L’enjeu de la France dans ce domaine dépasse largement nos propres frontières. Le sommet du G8 qui s’est tenu en Irlande du Nord les 17 et 18 juin derniers n’a débouché sur aucune échéance, aucun calendrier, se contentant une nouvelle fois d’afficher une dizaine de déclarations d’intentions ; ce n’est pas cela qui empêchera l’évasion fiscale ! L’action déterminée et audacieuse de notre pays pourrait aider à changer la donne au sein même de l’Union européenne.
Vous le savez, mes chers collègues, les paradis fiscaux prospèrent sans vergogne sur notre vieux continent, à nos portes, au cœur même de l’Union. Comment peut-on accepter plus longtemps l’attitude schizophrène de nos partenaires du Luxembourg et de l’Autriche quant à la transmission automatique des données ?
Il n’est pas possible de s’attaquer à la fraude fiscale en France sans prendre en compte le contexte international et européen qui favorise ces pratiques. Ne faut-il pas remettre à plat nos traités européens, qui sanctuarisent la libre circulation des capitaux et la concurrence libre et non faussée ? Ces règles s’appliquent bien évidemment aussi à la fiscalité…
Ne faut-il pas remettre en question la règle bloquante de l’unanimité sur toutes les décisions relatives à la fiscalité ? À l’échelon européen, d’autres thématiques se traitent bien à la majorité qualifiée.

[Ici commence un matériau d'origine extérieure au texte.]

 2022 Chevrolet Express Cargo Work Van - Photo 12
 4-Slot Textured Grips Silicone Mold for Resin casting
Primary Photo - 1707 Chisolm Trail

N’est-il pas temps d’ouvrir le chantier de l’harmonisation fiscale au sein de l'Union européenne, surtout pas sous forme d’un dumping fiscal ou d’une course au moins-disant fiscal, mais en fixant l’objectif politique à terme d’une fiscalité juste et progressive – il ne suffit pas de la décréter – sachant apporter une réponse adaptée aux nouveaux géants de l’économie numérique ? Je pense à ces grands groupes tels que, entre autres, Google, Amazon, Apple, présents partout, mais taxés nulle part ! C’est un sujet sur lequel des propositions ont été formulées, notamment dans le rapport de MM. Pierre Collin et Nicolas Colin, ou ici même, au Sénat, en particulier par notre collègue Philippe Marini.
Trop de failles existent dans notre système. Elles permettent, voire facilitent la fraude et l’évasion.
Selon nous, une telle situation ne doit rien au hasard. Elle ne peut pas être considérée comme un dysfonctionnement d’un système économique par ailleurs en mesure de répondre à tous les défis humains de notre siècle… La dérive de la finance s’est considérablement accélérée au cours des années quatre-vingt. Souvenons-nous de l’arrivée sur la scène politique de Margaret Thatcher en 1979 au Royaume-Uni et de Ronald Reagan en 1980 aux États-Unis. Certains parlèrent à l’époque de « révolution conservatrice ». Ce fut le lancement d’une libéralisation généralisée de l’économie dans le monde, le recul de la sphère publique, le big-bang des bourses à Londres, à Paris, et, au fond, le début d’une certaine forme de dépérissement des États.
Tous ces débordements se sont accompagnés d’un discours néolibéral selon lequel chacun profiterait d’une telle croissance financière dérégulée, mondialisée, débridée… L’histoire montre bien aujourd’hui les limites de cette logique.